▸ PROBLEM DETAILS: The answer should be the lines from the one with "Right here. Similarly, whatever" through the final line of the entries, restated word for word.

[Items listed in a dataset]

★ ★ ★ ★ ★

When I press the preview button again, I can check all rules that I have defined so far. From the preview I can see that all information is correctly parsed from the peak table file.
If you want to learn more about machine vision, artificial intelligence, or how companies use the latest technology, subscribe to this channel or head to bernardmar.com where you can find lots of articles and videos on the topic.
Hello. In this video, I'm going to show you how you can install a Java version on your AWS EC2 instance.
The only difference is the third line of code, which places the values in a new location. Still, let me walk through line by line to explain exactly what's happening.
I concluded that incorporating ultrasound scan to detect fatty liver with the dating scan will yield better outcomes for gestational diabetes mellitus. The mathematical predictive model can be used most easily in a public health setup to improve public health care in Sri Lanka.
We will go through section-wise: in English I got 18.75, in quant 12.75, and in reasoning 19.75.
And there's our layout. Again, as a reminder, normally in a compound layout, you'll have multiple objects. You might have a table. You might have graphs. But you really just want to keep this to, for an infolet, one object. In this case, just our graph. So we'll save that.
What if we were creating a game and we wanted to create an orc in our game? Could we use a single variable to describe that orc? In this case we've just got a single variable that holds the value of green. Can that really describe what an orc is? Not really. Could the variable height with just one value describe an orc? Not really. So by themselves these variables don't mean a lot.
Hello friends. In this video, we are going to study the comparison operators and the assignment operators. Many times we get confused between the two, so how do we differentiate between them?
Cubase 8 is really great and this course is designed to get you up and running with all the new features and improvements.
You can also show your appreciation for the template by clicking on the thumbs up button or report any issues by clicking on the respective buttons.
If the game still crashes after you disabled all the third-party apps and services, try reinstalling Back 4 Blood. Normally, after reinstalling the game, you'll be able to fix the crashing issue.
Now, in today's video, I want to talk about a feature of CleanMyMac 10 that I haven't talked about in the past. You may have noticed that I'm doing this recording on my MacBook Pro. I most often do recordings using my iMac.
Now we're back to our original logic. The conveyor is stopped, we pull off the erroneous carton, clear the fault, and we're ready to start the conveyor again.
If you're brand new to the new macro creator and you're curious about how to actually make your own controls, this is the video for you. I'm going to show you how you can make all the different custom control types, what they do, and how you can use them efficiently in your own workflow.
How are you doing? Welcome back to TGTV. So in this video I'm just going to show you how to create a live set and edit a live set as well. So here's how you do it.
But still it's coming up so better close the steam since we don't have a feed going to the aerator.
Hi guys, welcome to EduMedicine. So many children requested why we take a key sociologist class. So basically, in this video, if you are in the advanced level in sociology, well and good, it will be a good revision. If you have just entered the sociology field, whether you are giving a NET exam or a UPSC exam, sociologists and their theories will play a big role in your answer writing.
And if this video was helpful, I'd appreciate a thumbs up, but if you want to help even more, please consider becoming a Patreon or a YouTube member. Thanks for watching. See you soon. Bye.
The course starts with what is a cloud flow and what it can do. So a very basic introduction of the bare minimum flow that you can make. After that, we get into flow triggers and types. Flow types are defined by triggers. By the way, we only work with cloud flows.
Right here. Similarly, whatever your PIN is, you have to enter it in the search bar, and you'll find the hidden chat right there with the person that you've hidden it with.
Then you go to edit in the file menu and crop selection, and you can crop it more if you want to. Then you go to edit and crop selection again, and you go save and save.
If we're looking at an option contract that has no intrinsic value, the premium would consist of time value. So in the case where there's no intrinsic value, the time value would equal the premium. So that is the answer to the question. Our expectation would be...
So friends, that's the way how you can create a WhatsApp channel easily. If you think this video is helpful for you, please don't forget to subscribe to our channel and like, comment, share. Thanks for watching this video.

★ ★ ★ ★ ★

▸ OUTPUT OF THE TASK:
Right here. Similarly, whatever your PIN is, you have to enter it in the search bar, and you'll find the hidden chat right there with the person that you've hidden it with.
Then you go to edit in the file menu and crop selection, and you can crop it more if you want to. Then you go to edit and crop selection again, and you go save and save.
If we're looking at an option contract that has no intrinsic value, the premium would consist of time value. So in the case where there's no intrinsic value, the time value would equal the premium. So that is the answer to the question. Our expectation would be...
So friends, that's the way how you can create a WhatsApp channel easily. If you think this video is helpful for you, please don't forget to subscribe to our channel and like, comment, share. Thanks for watching this video.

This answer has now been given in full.